TASK GOAL ▸
Exactly the lines below, starting with the one containing "PROJECT FIX WALTHAM" and going on through the one containing "Taaram Shuddhi Raksha", must be reproduced, both ends included, and no pictures with them.

RECORDED DATA ▸
◆ ◆ ◆ ◆

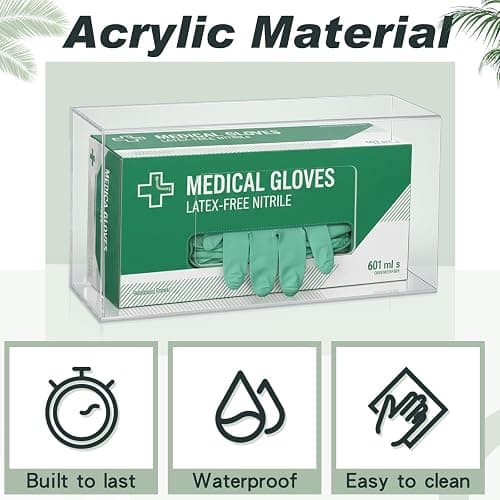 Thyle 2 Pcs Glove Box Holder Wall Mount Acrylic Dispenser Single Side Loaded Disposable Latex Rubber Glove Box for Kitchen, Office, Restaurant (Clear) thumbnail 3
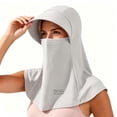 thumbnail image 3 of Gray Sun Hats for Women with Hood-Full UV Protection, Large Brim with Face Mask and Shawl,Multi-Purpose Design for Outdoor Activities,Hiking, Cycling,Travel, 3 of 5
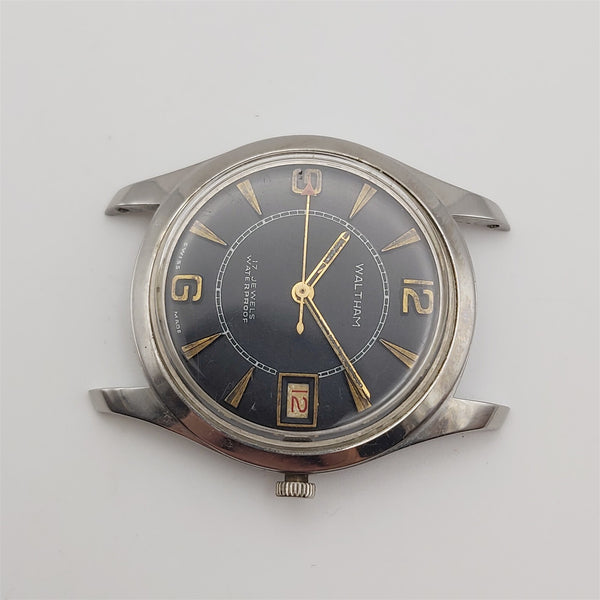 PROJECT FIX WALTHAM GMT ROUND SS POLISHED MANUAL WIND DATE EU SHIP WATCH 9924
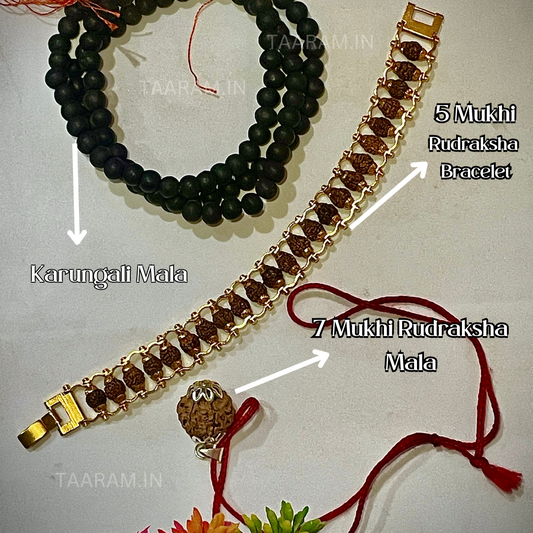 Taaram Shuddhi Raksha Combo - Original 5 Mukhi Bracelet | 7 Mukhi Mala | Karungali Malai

◆ ◆ ◆ ◆

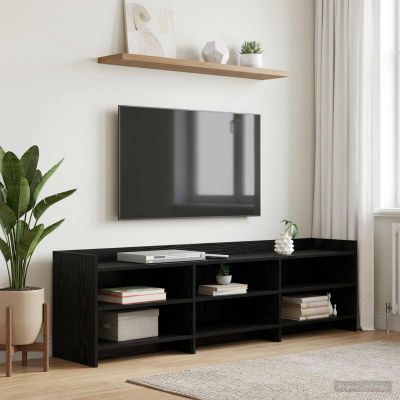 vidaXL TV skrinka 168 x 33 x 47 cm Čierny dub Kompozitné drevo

◆ ◆ ◆ ◆

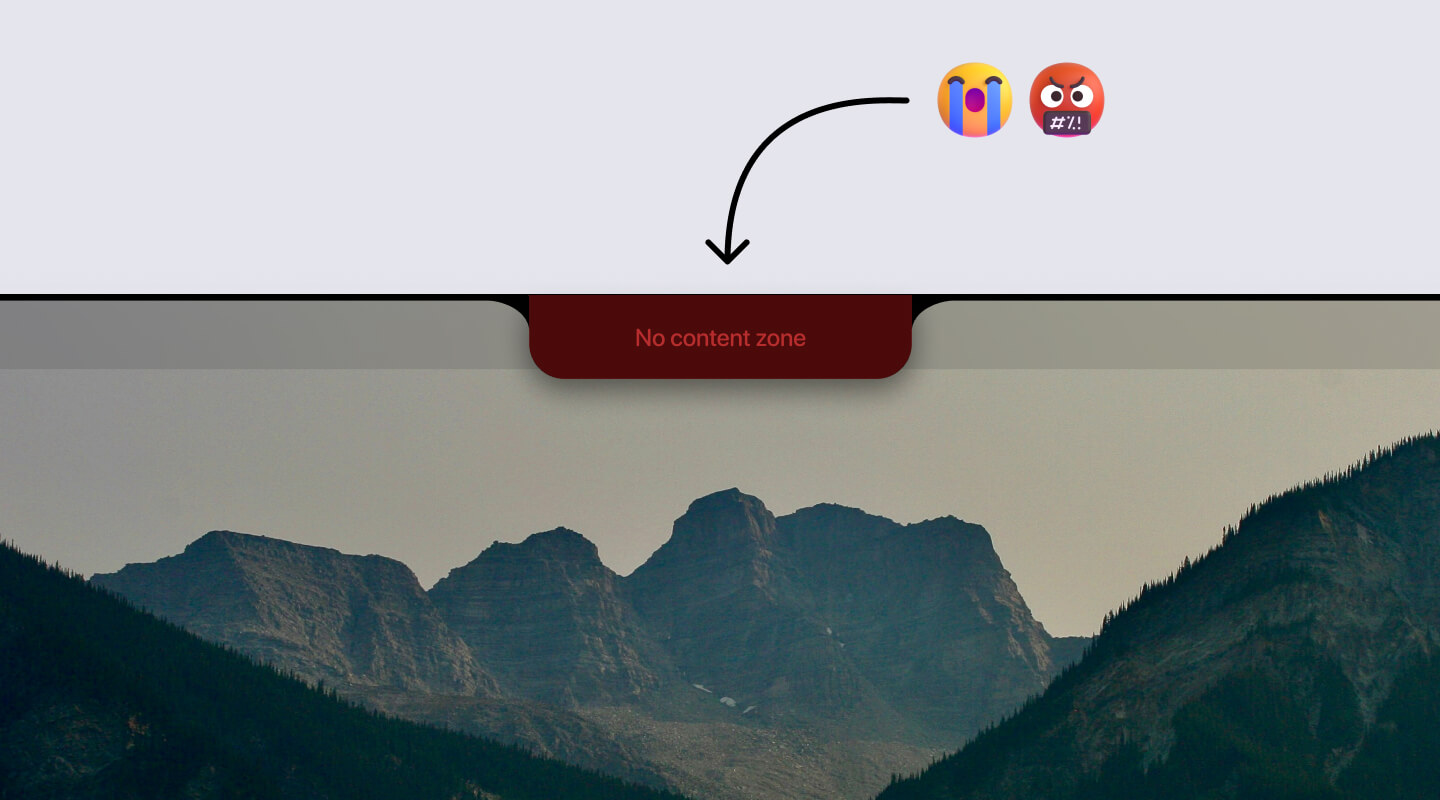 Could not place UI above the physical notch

◆ ◆ ◆ ◆

EXPECTED OUTPUT ▸
 PROJECT FIX WALTHAM GMT ROUND SS POLISHED MANUAL WIND DATE EU SHIP WATCH 9924
 Taaram Shuddhi Raksha Combo - Original 5 Mukhi Bracelet | 7 Mukhi Mala | Karungali Malai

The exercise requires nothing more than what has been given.